Please restate exactly the lines from the one holding "Anello grande con" to the end of the material, including both ends and excluding every picture.

**Recorded information**:
--------------------------------
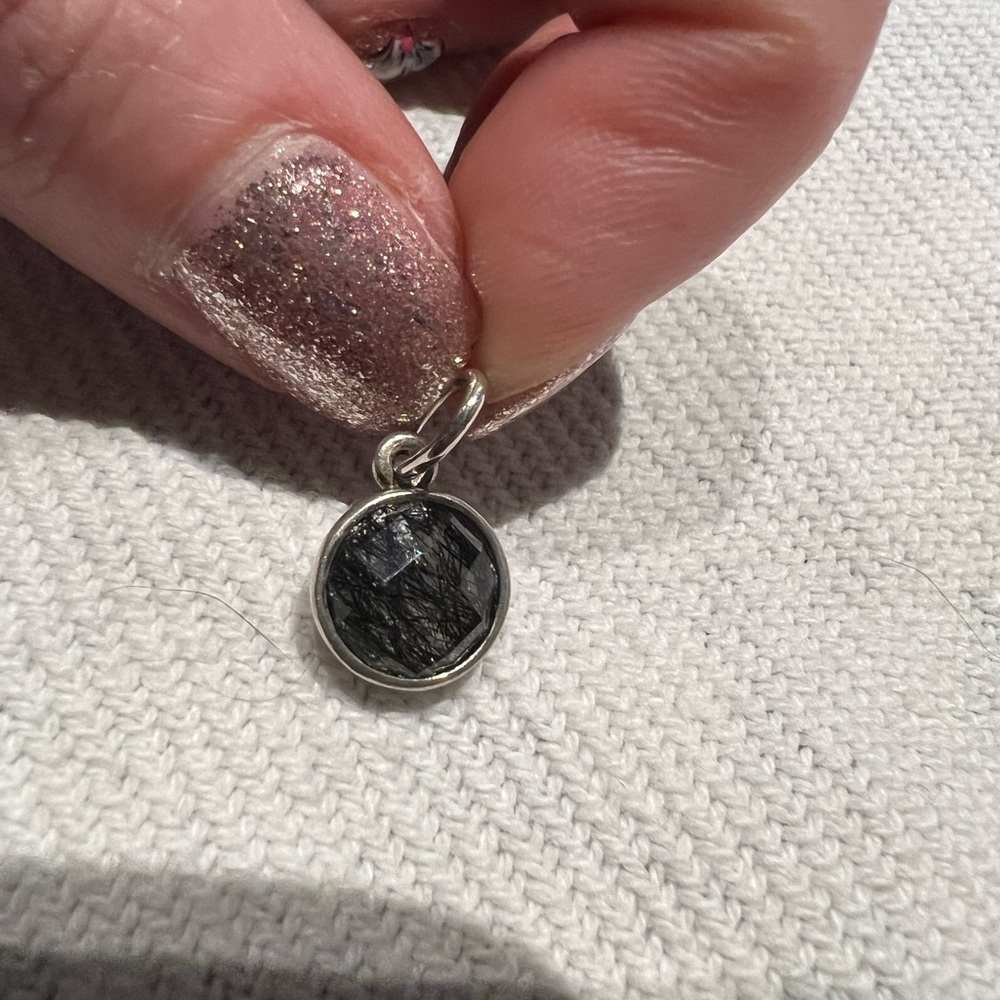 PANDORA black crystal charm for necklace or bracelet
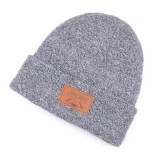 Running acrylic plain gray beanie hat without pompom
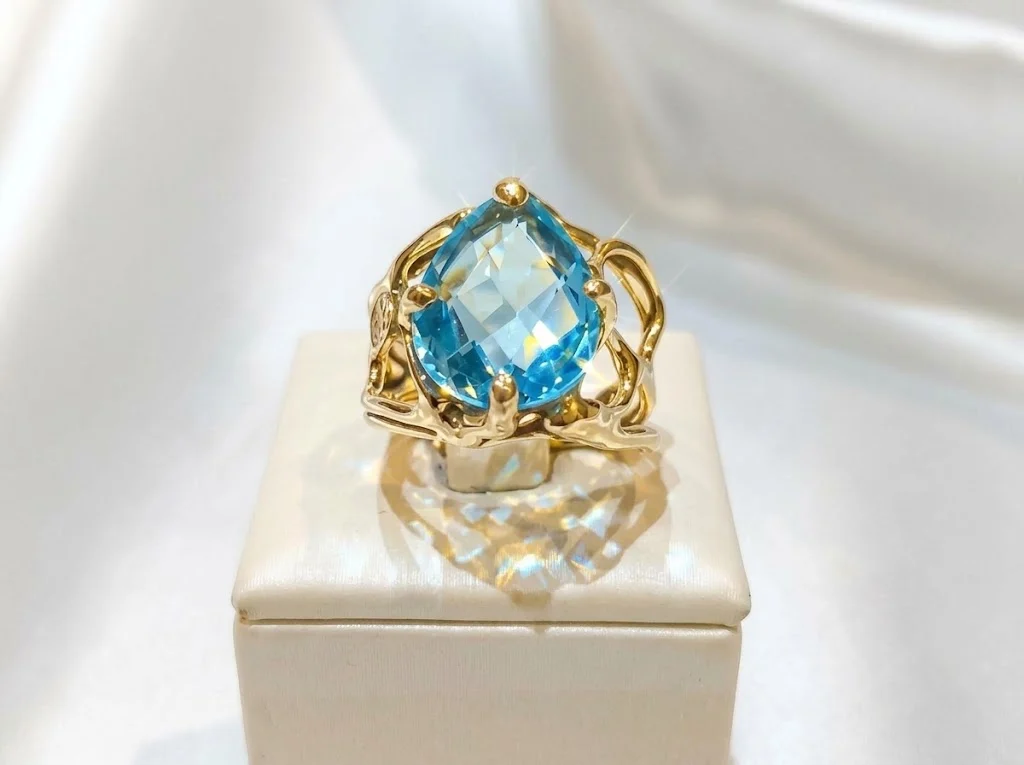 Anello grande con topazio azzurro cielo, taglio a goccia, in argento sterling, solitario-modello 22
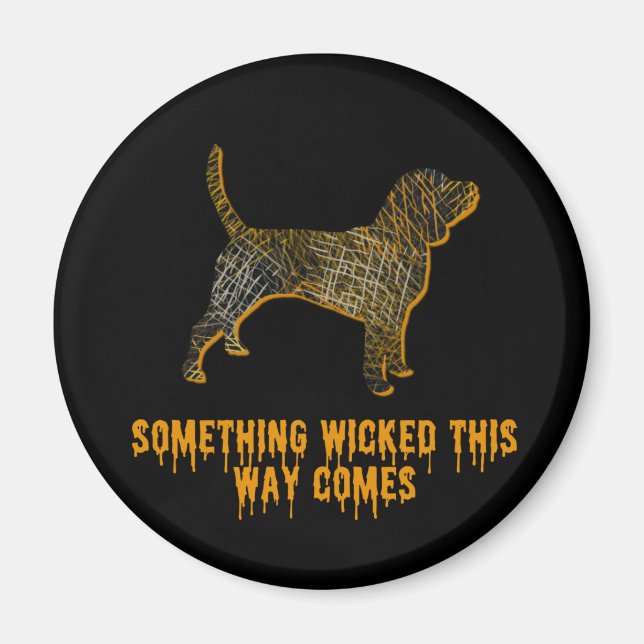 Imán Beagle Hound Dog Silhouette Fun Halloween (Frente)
--------------------------------
**Response to this exercise**:
 Anello grande con topazio azzurro cielo, taglio a goccia, in argento sterling, solitario-modello 22
 Imán Beagle Hound Dog Silhouette Fun Halloween (Frente)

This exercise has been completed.